Sudan president accuses “Zionism” of hampering peace in the south
KHARTOUM, Sudan, Dec 5, 2004 (AP) — President Omar el-Bashir on Sunday accused “international Zionism” and colonial powers of frustrating his peace efforts with rebels in southern Sudan by fanning unrest in Darfur.
The situation in Darfur has been “over-propagated by the hostile media and taken up by the hands of the international Zionism,” said el-Bashir, who also said the Sudan was targeted for its natural resources that would be a “strategic reserve they would use to achieve their expansionist ambitions…even if they cloaked themselves in humanitarian principles.”
El-Bashir has struggled with violence between his government and rebels in the south of the country along with the Darfur conflict, which the U.N. calls the world’s worst humanitarian crisis.
Since March alone, disease, hunger and other hardships brought on by war in Darfur have killed more than 70,000 of the 1.8 million people who fled from their homes.
El-Bashir’s Arab-dominated government is accused of mobilizing an Arab militia known as the Janjaweed for attacks on Darfur’s non-Arab villagers in retaliation for uprisings launched by two rebel movements in February 2003.

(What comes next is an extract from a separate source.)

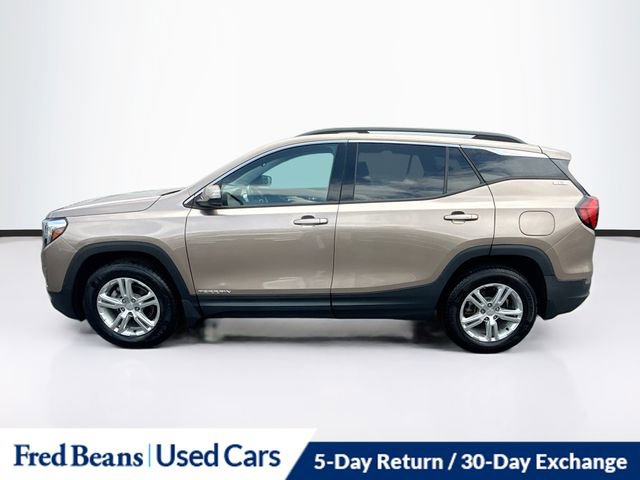 Used 2018 GMC Terrain SLE w/ Driver Convenience Package AWD/4WD image 4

El-Bashir said the Sudan was still heading toward a peace deal in the south. The government and the southern rebels, the Sudan People’s Liberation Army, are pledged to meet a Dec. 31 deadline for a permanent settlement.
Sudan will continue “fighting terrorism and uprooting it through ending of injustice,” said el-Bashir, but he would also insist on reaching a “unified definition (of) terrorism.”
El-Bashir said the Sudan would continue to back the Palestinian bid for its own state and that the country would support the Iraqi people until occupation troops pull out.